*** Opening of Data records ***

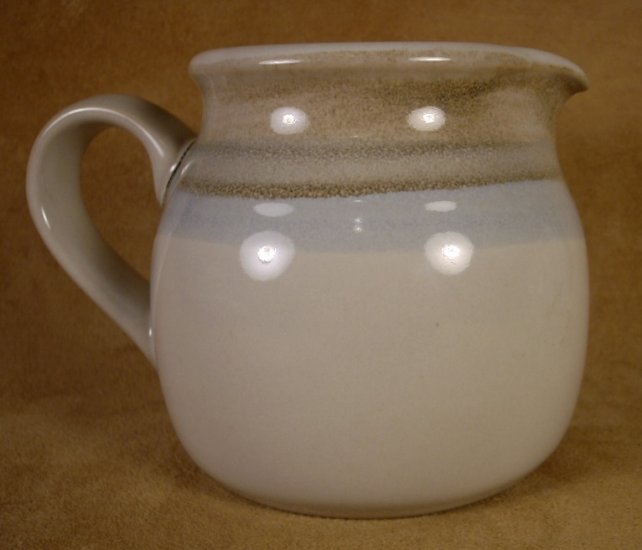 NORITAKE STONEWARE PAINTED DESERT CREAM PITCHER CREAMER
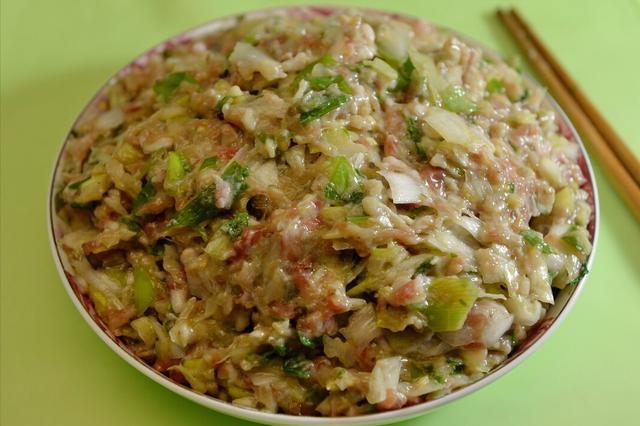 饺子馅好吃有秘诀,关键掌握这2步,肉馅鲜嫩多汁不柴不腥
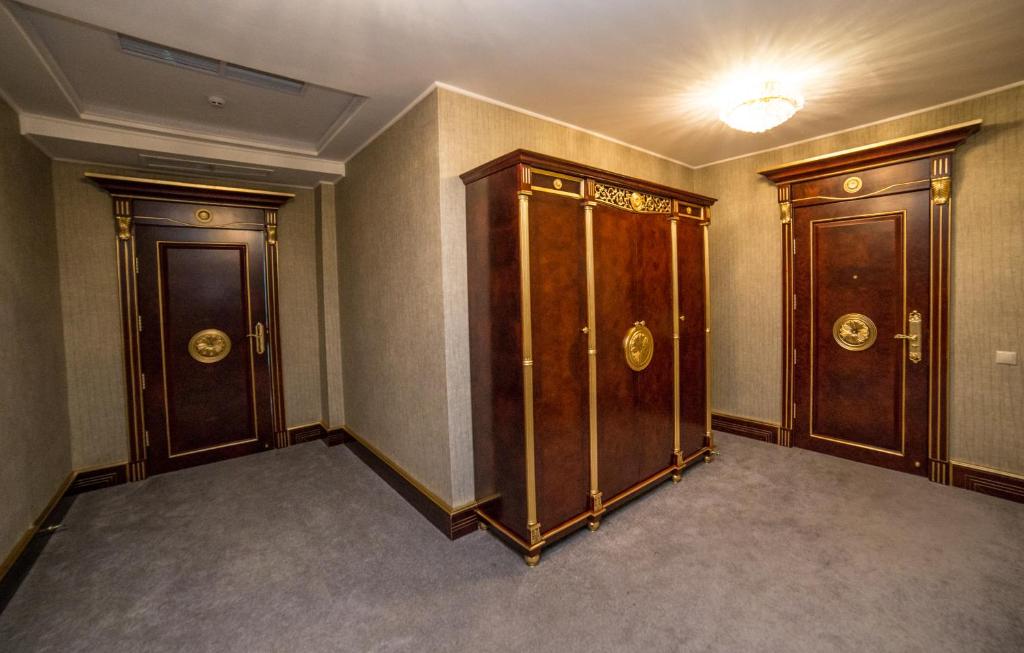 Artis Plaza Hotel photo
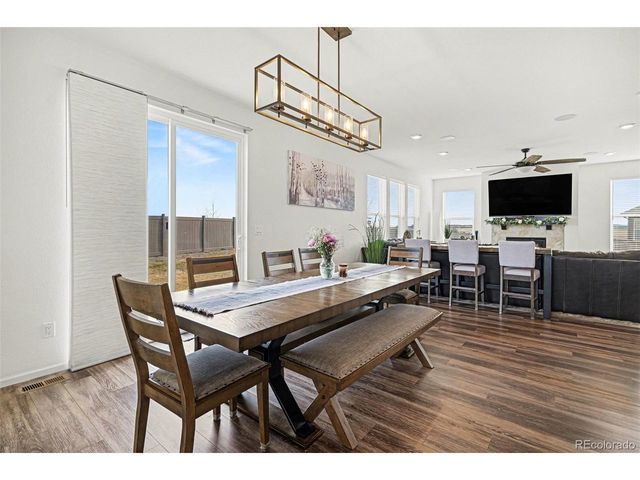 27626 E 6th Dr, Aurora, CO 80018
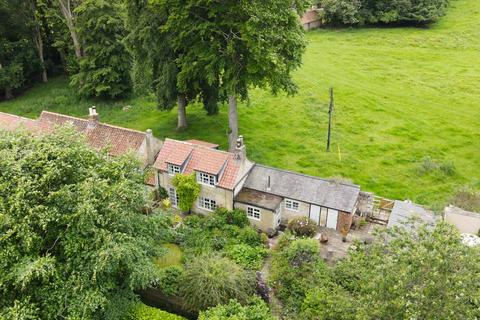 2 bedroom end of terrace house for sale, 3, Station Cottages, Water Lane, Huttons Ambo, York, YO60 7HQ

*** Close of Data records ***
*** Opening of Data records ***

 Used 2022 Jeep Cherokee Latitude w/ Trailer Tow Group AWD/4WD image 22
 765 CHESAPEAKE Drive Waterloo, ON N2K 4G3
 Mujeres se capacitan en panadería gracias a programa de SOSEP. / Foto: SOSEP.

*** Close of Data records ***
*** Opening of Data records ***

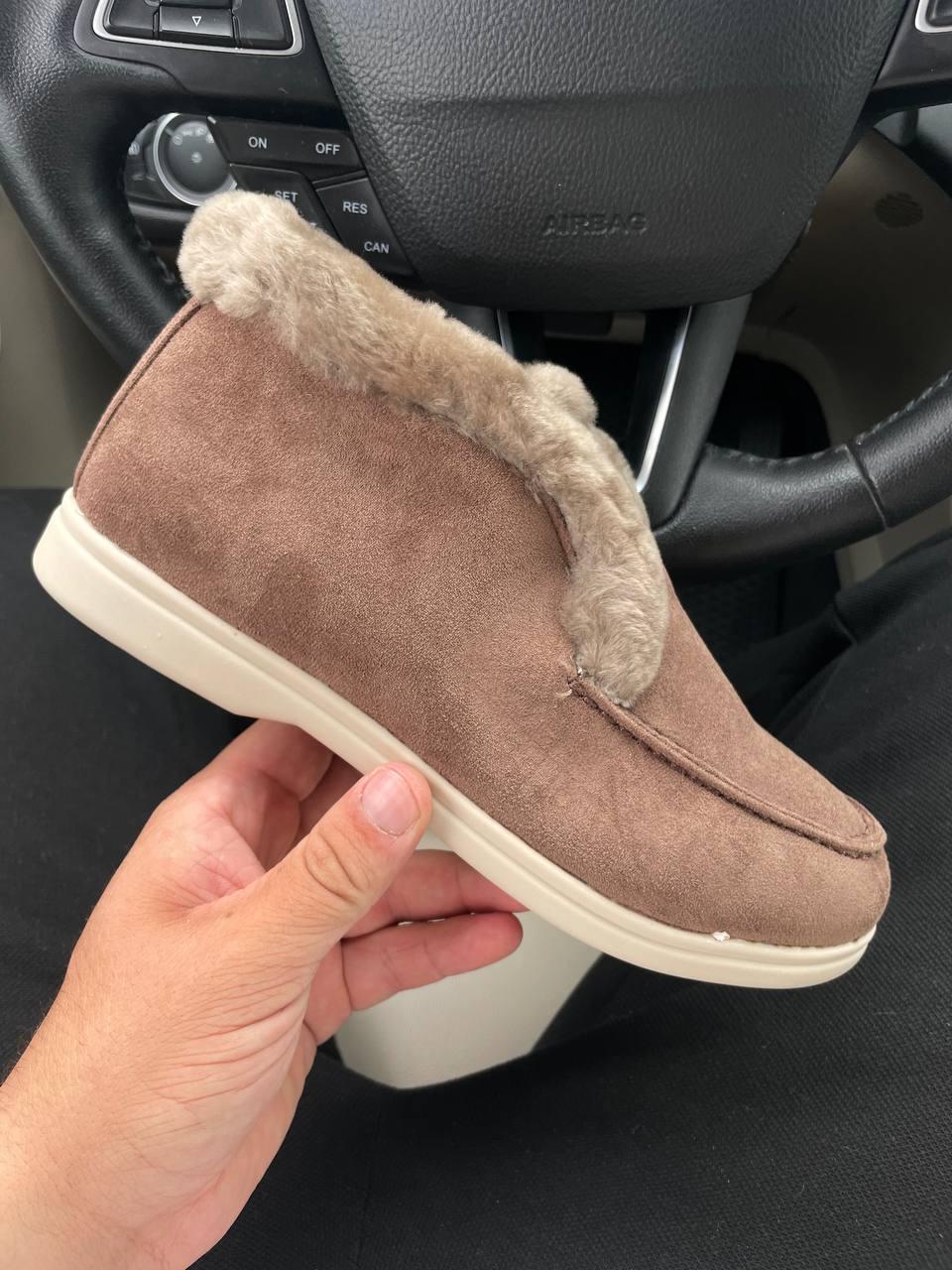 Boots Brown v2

*** Close of Data records ***

* The task *
Could you transcribe exactly the entries above, but only the lines from the one with "27626 E 6th Dr, Aurora, CO 80018" through the one with "2 bedroom end", and without pictures?

* Reply to the task *
 27626 E 6th Dr, Aurora, CO 80018
 2 bedroom end of terrace house for sale, 3, Station Cottages, Water Lane, Huttons Ambo, York, YO60 7HQ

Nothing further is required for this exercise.